Updated

Three hundred homes were destroyed in a fire that tore through a slum in the Philippine capital on Thursday, forcing residents to make dramatic escapes, authorities said.

A bare-chested man with a cigarette in his mouth, a Jesus statue in one hand and toiletries in the other ran down a narrow, smoke-filled alley just a few minutes walk from the glistening sky-rises of Manila's financial district.

A neighbour fled by jumping through an upstairs window and sprinting across rusted tin roofs.

Crying children were separated from their parents amid the chaos of adults carrying refrigerators, televisions, pots and pets from their homes.

"We were on the cot lying down, and then people started running. There was smoke everywhere, the place was up in flames," said a tearful Anna Anciller, 27, on a nearby footpath while the fire was at its peak.

"We just ran. I lost everything," she said, clutching her six-year-old daughter and breastfeeding her months-old baby boy.

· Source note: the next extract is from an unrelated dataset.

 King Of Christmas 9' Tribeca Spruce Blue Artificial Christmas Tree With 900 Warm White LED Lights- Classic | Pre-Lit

Homes made of scrap wood and plastic sheets crumbled to the ground during the two-hour blaze, as portable cooking gas tanks exploded and the sirens of fire fighting trucks wailed.

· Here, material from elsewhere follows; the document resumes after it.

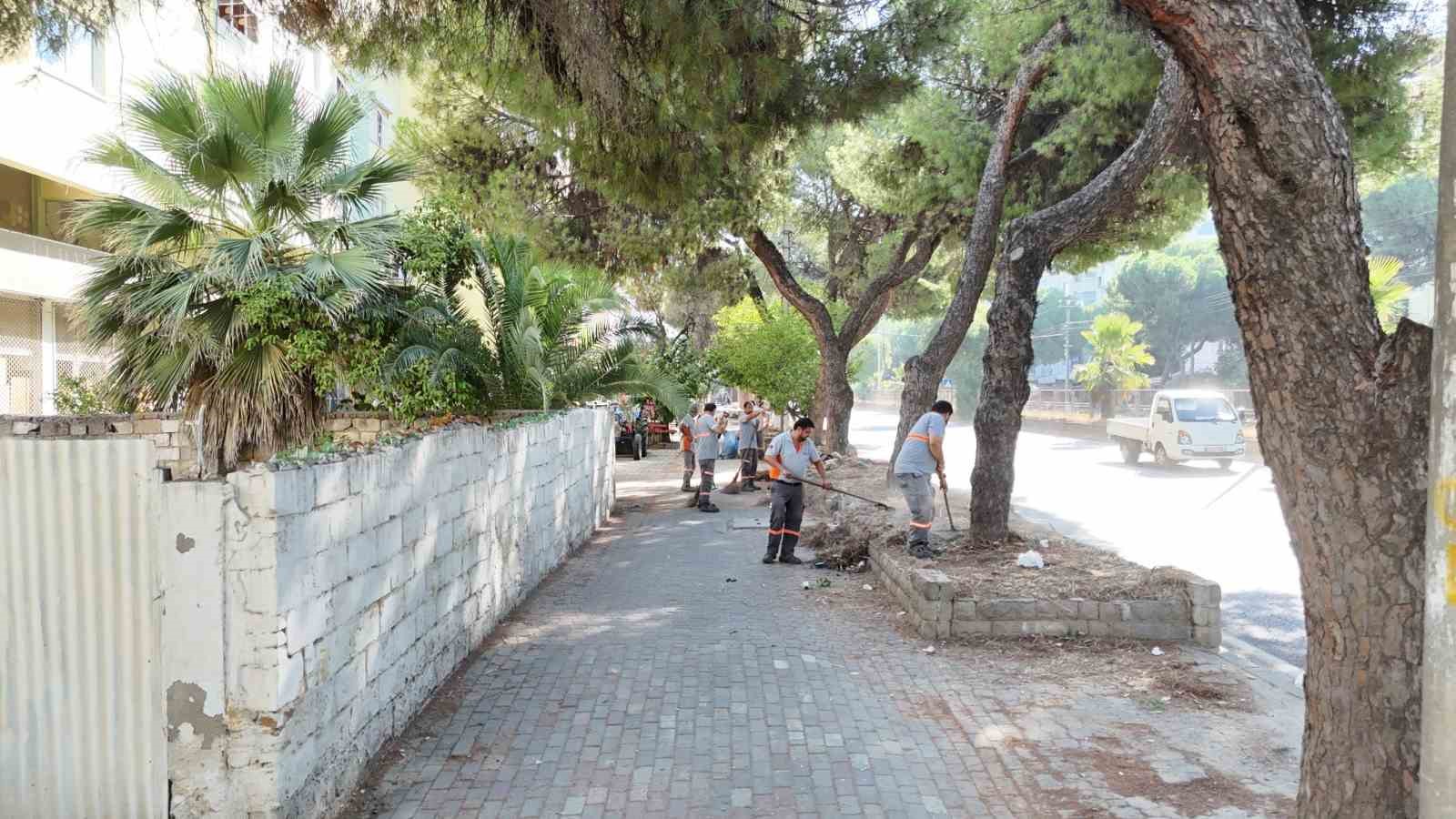 nazilli-belediyesi-nden-devlet-karayolunda-temizlik-calismasi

The firemen walked onto the roofs of homes not yet ablaze to get their hoses close to the flames, risking a deadly fall.

No-one died but about one third of the 1,000 homes in the slum were destroyed, according to local fire chief Ricardo Perdigon.

While heart-breaking, the scenes at the "Botanical Garden" shanty-town are common throughout the vast slums that dominate Manila.

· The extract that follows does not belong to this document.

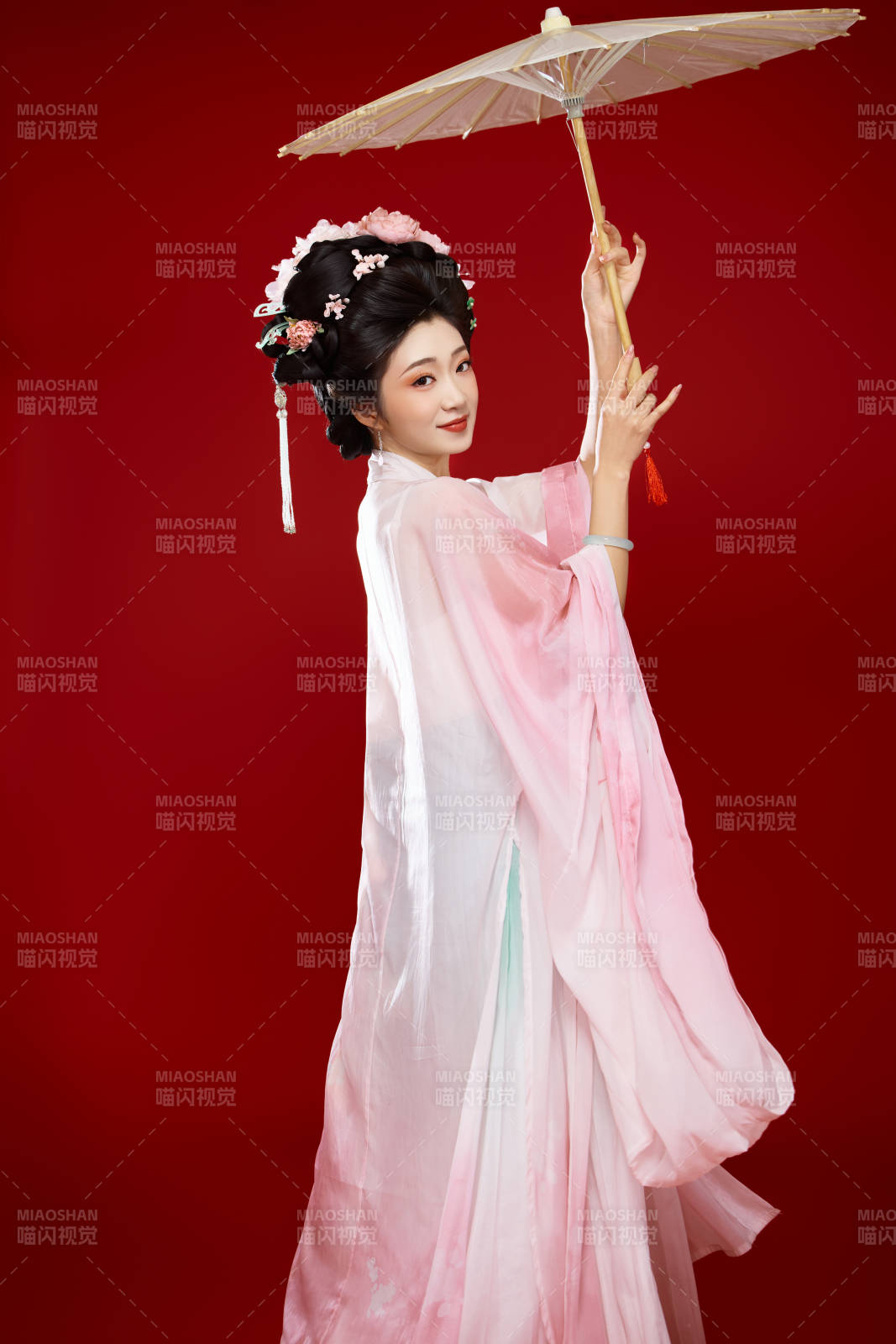 红色背景下穿着中国古代唐朝服饰的美女图片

Homes mostly made of salvaged wood and plastic are tinder boxes waiting to be ignited by makeshift electricity networks, cigarettes or gas cooking.

An arson investigator said Thursday's blaze was likely caused by a faulty power outlet.

About 35 percent of the capital's 14 million population live in slums, according to a 2010 World Health Organization study.

The widespread poverty and brutal conditions in the slums were among the reasons US author Dan Brown described Manila in his latest novel as the "Gates of Hell".

Authorities have for years tried to relocate slum dwellers away from the city to safer areas, but the vast majority prefer to remain closer to work opportunities.

"There is nowhere else for us to go. There are no jobs in the provinces," said longtime Botanical Garden resident Jenny San Gaspar, a 38-year-old housewife and mother of 10.

Local politicians also like to keep the slum dwellers in the city to be used as reliable "vote banks" during elections.

And just a few hours after the inferno was extinguished, shirtless men and elderly women were bringing back their salvaged belongings, staking out positions in the blackened ashes to rebuild new homes.